If the grantor is the income beneficiary of the trust and
has an Occupancy Agreement, the authors have successfully explained to the San
Bernardino Assessor that this is an exempt transfer similar to the transferor
retaining a life estate in the residence.
If the Grantor is not a beneficiary of the Trust and a child is not the
current beneficiary, then the author’s have found that it is an up hill battle
with the local assessors to argue there is no change of ownership. The fact that the trust is a grantor trust
for income tax purposes does not preclude the assessor from declaring there has
been a change of ownership for property tax purposes since the income and
property tax laws are not in pari materia.
IRC
Section 121 Exclusion. To the extent the
Irrevocable Trust is a Grantor Trust for income tax purposes, the IRS has
announced through a Revenue Ruling and
in at least two letter rulings that the grantor retains sufficient ownership
interest in the residence to qualify for the Section 121 exclusion if the
property is sold by the trustee.
Asset
Protection for Children/Beneficiaries. This
article has focused on the asset protection and tax benefits of the transfer of
a personal
residence
to an Irrevocable Grantor Protective Trust.
Consider also the economic effects of the compounding and appreciation
with respect to those assets that make up the trust corpus. In Los Angeles County the mean value of a single
family home is over $250,000.00 and seems to be appreciating at ten percent
(10%) annually. Such an asset if
retained over an 8 year period could easily double in value affording the trust
beneficiary(s) a substantial fund for their continued use and benefit. Following the Grantor’s death, the trust
could provide a source of rental income to the beneficiary(s); and, if the
residence were later sold, the proceeds remaining in the trust could serve as a
protective resource to meet the beneficiary’s current and future financial and
investment goals.
If properly designed and structured, the trust can be
controlled by the beneficiary and would not be subject to the claims of third
party creditors, IRS liens, bankruptcy trustees, and divorcing spouses. The Parents/Grandparents who have created a
protective trust for the family residence have done so to protect it from third
party creditors and a Medi-Cal claims.
Why would they not want to do the same for their heirs?
Following the death of parents/grandparent/Grantor(s), the
irrevocable trust could then simply continue for the benefit of the children
and their issue. The trust could be
designed to divide into as many sub-trusts as there are then living children. Each child could then be the trustee or
co-trustee of his or her own trust share.

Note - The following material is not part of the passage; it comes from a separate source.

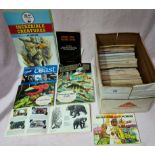 A box of assorted tea cards, various series.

If the property at the Grantor’s death is valued at $500,000.00 (assume
two children are the surviving primary beneficiaries), each child will have
$250,000.00 in his or her separate trust to invest and use the trust funds for
his/her health, education and support. and/or to have the trust purchase real
or personal property for the child’s use and enjoyment.
To enhance the investment and protective nature of the
trust, The Trustee could be given the power to opt out of the State of
California’s trust prudent investor rules, encouraging the Trustee purchase and
own real and personal property for the beneficiary(s) use and enjoyment. In this way the trust would be the owner of
all the major investments including, but not limited to a residence, vacation
home, investment securities, business assets, health and life insurance, and
collectibles; and the beneficiary would be motivated to utilize his or her own
resources for every day living expenses.
This is a powerful strategy for not only preserving and protecting
family wealth, but also affording the trust assets the greatest potential for
growth. In this way the beneficiary has
all the benefits of outright ownership (use and enjoyment of the trust property
during their lives) but with the trust shield for asset protection and income
and transfer tax minimization. All appreciation
on the investments and proceeds of life insurance will remain in the protective
trust for the use and enjoyment of the beneficiaries.
Summary
The
intervivos transfer of exempt assets to a California asset protective
irrevocable grantor trust may be the preferred planning tool for elder law
practitioner. The transfers to the
trust should be subject to retained controls by the grantor sufficient to cause
the trust to be a grantor trust for income/capital gain, transfer, and property
tax purposes without causing the corpus to be available asset for state
recovery claims. If the asset(s)
transferred to the trust are expected to appreciate, then such property should
remain in the trust for the continuing protection and enjoyment of the
Grantor’s descendants.
The article assumes the value of the client’s estate is less
than applicable exclusion of $675,000 in 2001 and $1 million in 2002. In such cases the practitioner would want to
structure the trust so that transfers to the trust would be incomplete for gift
tax purposes thereby causing inclusion in the grantor’s gross estate for income
tax step-up purposes.
Please see Rev. Rul. 66-159, and Letter
Rulings199912026 and 200124011.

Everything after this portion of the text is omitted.